More than 4,000 owners of pet dogs could get their pets confiscated, if they fail to comply with the Ranchi Municipal Corporation’s (RMC’s) directive to pet owners to get their dogs registered by March 31, 2007.
However, “lack of awareness” has prevented pet owners from doing the needful, said a pet owner in the city today.
Chief executive officer of a local NGO — Hope and Animal — Praveen Ohal warned that owners, who do not get their pets registered, might get into serious trouble if neighbours complain.
“In case of such a complaint, RMC would be free to confiscate unregistered pets, who prove to be a nuisance,” Ohal said.
Health officer of RMC Rekha Rani Singh told The Telegraph that registration of pets is mandatory all over the country, including Ranchi.
However, she conceded that this is the first time that the RMC has decided to ensure that all pets are registered by the end of the current fiscal.
“For the time being, registration of pets is restricted to dogs only. Necessary documentation is being readied to cover cows in the next phase, though it is likely to take some time before RMC can begin to implement the scheme. There are very few people with pet cats. At present, we are only registering dogs,” said Singh.

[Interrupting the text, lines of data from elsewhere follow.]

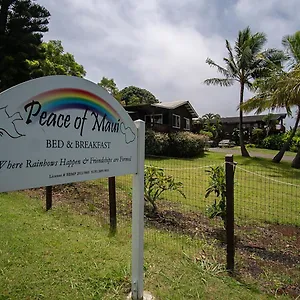 God's Peace Of Maui 3*, Makawao ארצות הברית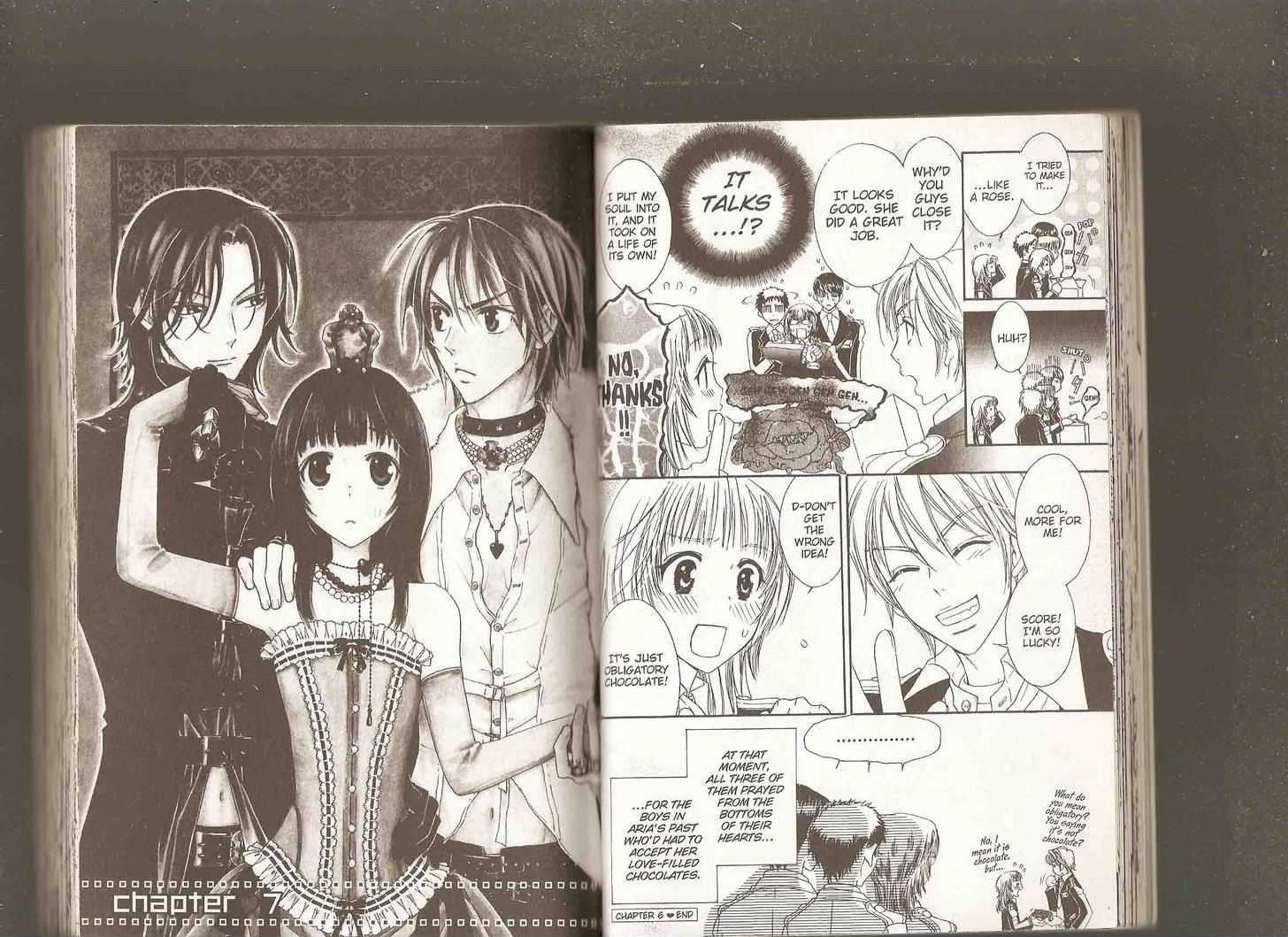 Love Master A Chapter 2.0 page 25 - Vol.02 Chapter 0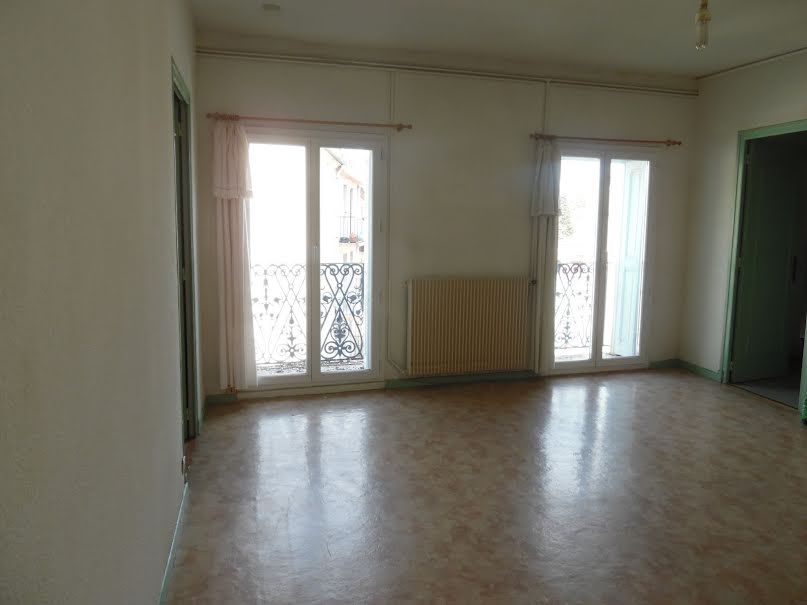 Location  appartement 2 pièces 41.9 m² à Amélie-les-Bains-Palalda (66110), 415 €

She said the procedure for registration of pet dogs is quite simple.
A pet owner has to merely fill write an application on a plain paper stating the number and pedigree of the pet dog and request the RMC to register it.
Such an application should be addressed to either the administrator, or the health officer of RMC.
“The cost of registration, per pet dog, has been fixed at Rs 100 per year, renewable annually,” Singh added.
Of this, Hope and Animal is entitled to Rs 15 per registration.
Meanwhile, Ohal said so far the response of pet owners to this rule has been discouraging.
“The pet owners’ response in getting their pets registered has been dismal. At Ranchi, people generally prefer dogs. There is no known case of people keeping monkeys or other animals as pets in Ranchi,” Ohal said.
She added that the money realised from registration of dogs is to be utilised in the management of stray dogs, for they “often prove dangerous after dusk”.
RMC does not have funds to undertake sterilisation of stray dogs — which number around 30,000 to 40,000 in Ranchi alone according to estimates, said an official of RMC.
RMC, which is already short-staffed, cannot afford the money to campaign for the project.
The confiscated dogs might find a shelter in the new facility home of Hope and Animal built at Khunti, said the official.